The cover of Moomins Cookbook: An Introduction to Finnish Cuisine is bright magenta and blue, and features an image of the Moomins crushing apples into jam through an orange machine. Moominmamma, her eyes closed, is meditative; the others, wondrously surprised. Written by Sami Malila and filled with illustrations by Tove Jansson, the late creator of the Moomins, it would be unfair to deem the book’s title a misnomer—it is a primer on Finnish cuisine. There are recipes for a blackcurrant juice best made with berries from the forest, a “Herring for Stormy Weather,” and fish solyanka, simmered in tomato puree and served with sour cream. I live in Miami, where I can certainly make but would never find rhubarb kissel or intentionally soured milk.
Familiarizing the reader with Nordic food, however, isn’t the point (hence the countryless nougat milkshakes and “supper sandwiches”). The book’s intention, rather, is to pay homage to the Moomins, a family of round, hippopotamic creatures with soft voices and softer bellies. They first appeared in Jansson’s 1945 book The Moomins and the Great Flood, a precursor to what would become a massive franchise. Moomintroll, the protagonist, is a sweet boy who—like his family and friends—lives in harmony with the seasons. He hibernates in winter and eats pancakes with abandon, reveling in the simplicity of the countryside, sometimes navigating the tenuous space between home and very far. If the Moomins are adventurous sorts—and they are, often finding themselves on perilous seas or in the depths of the woods—it is less the excitement of travel than the warmth of returning home they like best.
And so it’s this—the comforts of living close to the land and closer to your friends—that the Moomins Cookbook is really about.
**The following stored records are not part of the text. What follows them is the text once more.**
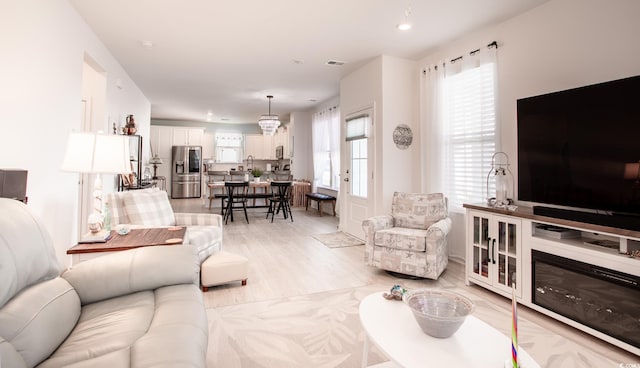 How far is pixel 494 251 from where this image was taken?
2.80 m

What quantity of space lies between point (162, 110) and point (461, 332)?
928 cm

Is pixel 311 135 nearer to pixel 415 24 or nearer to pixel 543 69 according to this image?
pixel 415 24

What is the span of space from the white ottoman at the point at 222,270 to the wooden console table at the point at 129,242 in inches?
21.9

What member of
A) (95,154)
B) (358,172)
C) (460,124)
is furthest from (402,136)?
(95,154)

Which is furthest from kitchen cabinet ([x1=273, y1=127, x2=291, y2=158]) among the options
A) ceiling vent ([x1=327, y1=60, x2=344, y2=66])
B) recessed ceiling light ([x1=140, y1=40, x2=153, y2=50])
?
recessed ceiling light ([x1=140, y1=40, x2=153, y2=50])

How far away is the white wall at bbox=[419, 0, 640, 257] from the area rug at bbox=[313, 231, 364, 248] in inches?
94.0

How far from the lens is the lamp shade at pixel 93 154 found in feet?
6.42

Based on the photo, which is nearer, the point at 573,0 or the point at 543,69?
the point at 573,0

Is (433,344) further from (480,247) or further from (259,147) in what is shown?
(259,147)

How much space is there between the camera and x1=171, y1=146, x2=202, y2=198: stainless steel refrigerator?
33.2ft

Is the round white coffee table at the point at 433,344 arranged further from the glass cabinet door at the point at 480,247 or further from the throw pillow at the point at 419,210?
the throw pillow at the point at 419,210

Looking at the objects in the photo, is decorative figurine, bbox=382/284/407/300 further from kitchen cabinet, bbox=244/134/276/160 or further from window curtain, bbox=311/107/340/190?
kitchen cabinet, bbox=244/134/276/160

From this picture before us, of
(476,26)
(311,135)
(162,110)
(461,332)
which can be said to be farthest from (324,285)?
(162,110)

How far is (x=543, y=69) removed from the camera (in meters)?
2.97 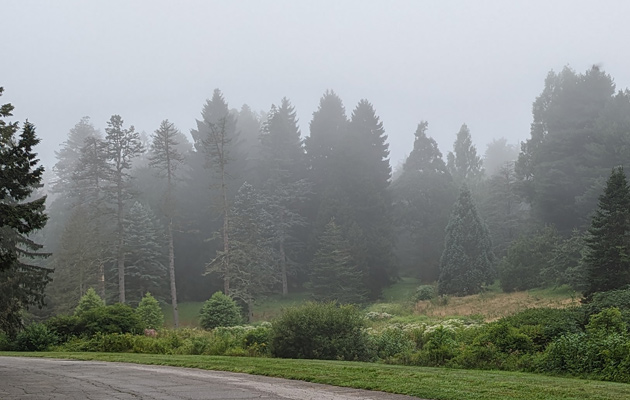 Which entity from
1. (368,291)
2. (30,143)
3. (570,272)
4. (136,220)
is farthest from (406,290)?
(30,143)

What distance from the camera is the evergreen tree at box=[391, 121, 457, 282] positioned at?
56125mm

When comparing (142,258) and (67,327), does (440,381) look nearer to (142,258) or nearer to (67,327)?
(67,327)

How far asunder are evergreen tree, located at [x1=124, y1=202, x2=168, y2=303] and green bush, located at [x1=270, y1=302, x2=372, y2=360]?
1356 inches

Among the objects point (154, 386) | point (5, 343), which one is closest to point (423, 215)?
point (5, 343)

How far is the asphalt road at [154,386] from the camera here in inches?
354

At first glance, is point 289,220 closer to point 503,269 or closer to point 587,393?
point 503,269

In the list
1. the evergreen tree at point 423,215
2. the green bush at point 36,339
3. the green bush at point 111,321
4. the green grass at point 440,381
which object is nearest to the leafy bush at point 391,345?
the green grass at point 440,381

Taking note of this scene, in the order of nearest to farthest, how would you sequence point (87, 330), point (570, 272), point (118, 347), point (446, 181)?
point (118, 347) → point (87, 330) → point (570, 272) → point (446, 181)

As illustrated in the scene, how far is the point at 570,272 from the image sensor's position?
35219 millimetres

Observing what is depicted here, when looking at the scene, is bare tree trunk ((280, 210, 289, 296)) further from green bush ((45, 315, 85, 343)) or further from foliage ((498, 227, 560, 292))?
green bush ((45, 315, 85, 343))

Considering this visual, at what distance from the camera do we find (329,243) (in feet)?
159

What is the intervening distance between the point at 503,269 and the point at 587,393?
112 feet

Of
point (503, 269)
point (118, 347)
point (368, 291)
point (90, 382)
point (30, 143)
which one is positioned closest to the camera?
point (90, 382)

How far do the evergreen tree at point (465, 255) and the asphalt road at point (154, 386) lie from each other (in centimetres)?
3478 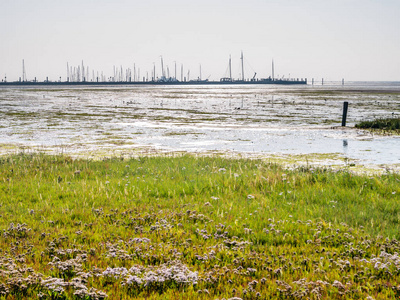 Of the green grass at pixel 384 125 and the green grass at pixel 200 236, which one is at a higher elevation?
the green grass at pixel 384 125

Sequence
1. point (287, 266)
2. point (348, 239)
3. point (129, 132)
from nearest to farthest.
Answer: point (287, 266) → point (348, 239) → point (129, 132)

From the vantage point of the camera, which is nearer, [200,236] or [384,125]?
[200,236]

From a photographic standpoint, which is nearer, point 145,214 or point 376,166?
point 145,214

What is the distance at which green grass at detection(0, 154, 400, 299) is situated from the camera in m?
6.21

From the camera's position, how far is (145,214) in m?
9.85

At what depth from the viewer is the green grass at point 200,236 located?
6.21 meters

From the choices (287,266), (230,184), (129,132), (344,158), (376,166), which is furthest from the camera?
(129,132)

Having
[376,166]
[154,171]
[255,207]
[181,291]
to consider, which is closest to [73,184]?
[154,171]

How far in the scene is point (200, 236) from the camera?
8555 millimetres

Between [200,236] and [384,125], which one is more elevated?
[384,125]

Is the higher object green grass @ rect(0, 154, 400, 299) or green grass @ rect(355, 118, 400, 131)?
green grass @ rect(355, 118, 400, 131)

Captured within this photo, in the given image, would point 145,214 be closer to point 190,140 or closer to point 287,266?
point 287,266

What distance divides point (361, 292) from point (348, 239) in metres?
2.39

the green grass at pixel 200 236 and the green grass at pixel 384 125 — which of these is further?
the green grass at pixel 384 125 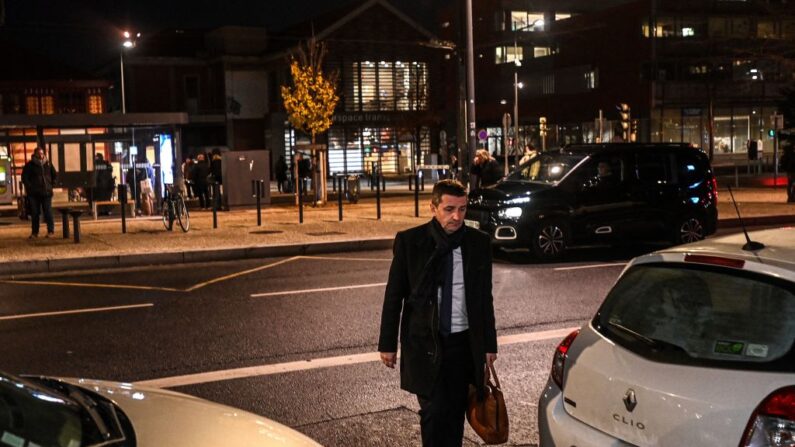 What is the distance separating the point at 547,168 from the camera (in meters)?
14.9

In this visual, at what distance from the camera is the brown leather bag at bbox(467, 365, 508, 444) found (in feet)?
14.5

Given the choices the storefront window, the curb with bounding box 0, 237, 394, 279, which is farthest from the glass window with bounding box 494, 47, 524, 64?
the curb with bounding box 0, 237, 394, 279

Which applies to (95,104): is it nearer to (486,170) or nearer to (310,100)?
(310,100)

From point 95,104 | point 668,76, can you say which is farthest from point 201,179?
point 668,76

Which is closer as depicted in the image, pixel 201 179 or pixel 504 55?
pixel 201 179

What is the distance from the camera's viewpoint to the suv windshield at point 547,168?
48.0 feet

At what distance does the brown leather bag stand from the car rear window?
2.08ft

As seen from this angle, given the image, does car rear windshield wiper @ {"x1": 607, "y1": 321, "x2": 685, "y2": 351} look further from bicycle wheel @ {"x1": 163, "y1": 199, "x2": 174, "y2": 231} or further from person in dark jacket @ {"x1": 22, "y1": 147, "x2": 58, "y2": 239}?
person in dark jacket @ {"x1": 22, "y1": 147, "x2": 58, "y2": 239}

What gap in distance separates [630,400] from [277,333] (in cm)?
579

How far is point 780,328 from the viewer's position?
11.6 feet

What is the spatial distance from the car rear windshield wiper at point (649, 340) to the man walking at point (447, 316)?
2.30 ft

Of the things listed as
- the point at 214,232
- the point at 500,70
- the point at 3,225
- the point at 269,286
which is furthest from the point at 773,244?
the point at 500,70

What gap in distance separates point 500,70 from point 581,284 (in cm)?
6609

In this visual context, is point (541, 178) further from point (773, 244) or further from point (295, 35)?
point (295, 35) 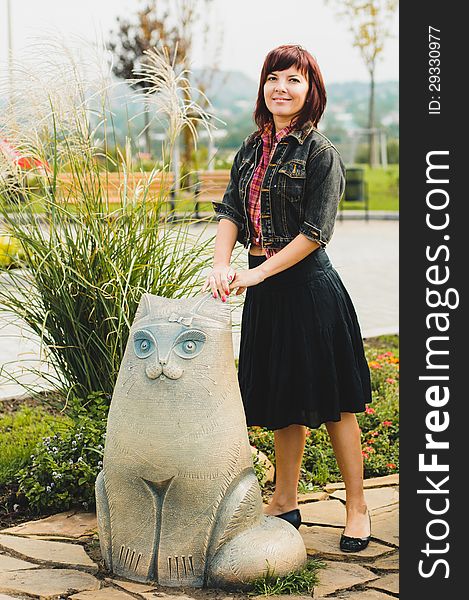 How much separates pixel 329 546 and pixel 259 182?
4.68 feet

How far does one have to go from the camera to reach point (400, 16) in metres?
3.25

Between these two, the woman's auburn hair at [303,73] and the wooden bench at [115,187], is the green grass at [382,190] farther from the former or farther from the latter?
the woman's auburn hair at [303,73]

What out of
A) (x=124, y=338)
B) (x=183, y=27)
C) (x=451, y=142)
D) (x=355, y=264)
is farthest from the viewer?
(x=183, y=27)

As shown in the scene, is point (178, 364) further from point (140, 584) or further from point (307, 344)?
point (140, 584)

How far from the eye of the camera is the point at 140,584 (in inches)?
138

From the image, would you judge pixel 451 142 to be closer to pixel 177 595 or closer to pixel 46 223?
pixel 177 595

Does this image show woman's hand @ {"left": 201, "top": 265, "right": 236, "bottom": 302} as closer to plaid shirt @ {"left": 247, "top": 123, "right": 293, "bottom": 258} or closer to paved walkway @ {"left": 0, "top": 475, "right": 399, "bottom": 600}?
plaid shirt @ {"left": 247, "top": 123, "right": 293, "bottom": 258}

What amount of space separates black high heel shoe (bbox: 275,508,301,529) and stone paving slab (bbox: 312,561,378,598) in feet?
1.11

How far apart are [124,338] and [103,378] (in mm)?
266

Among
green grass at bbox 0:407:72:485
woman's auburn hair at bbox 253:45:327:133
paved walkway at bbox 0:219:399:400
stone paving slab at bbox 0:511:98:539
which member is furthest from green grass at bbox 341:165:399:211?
woman's auburn hair at bbox 253:45:327:133

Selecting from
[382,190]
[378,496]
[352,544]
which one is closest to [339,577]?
[352,544]

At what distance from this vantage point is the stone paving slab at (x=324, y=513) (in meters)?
4.22

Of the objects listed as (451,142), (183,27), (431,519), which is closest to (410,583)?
(431,519)

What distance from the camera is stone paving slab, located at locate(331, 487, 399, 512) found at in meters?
4.42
It’s testament to the sincerity of the Moomins, of Jansson herself, that the book is never cloying, only straightforward: the “Cook’s Tips” suggests you “read through the recipe before going to the shop … what a terrible nuisance it is to have to run back to the shop…” A charmingly unnecessary recipe for tea ends, sweetly, “The best thing you can add to a cup of tea is whatever you like the most.” The book’s subtitle is “Everything fun is good for the stomach.”
My first exposure to the strange loveliness of their world was a 1990 Japanese-Finnish cartoon series, Moomin, the Moomins’ third anime adaptation. The show’s themes were equally cosmic (there’s an entire episode, “The Midwinter Bonfire,” about communing with ancestral spirits) and grounded—even Moominpappa suffers from writers’ block. They also love to eat and drink: tea, berries, milk, bread. In one episode, Moominmamma packs the kitchen for a boat trip, because traveling is always better with pancakes.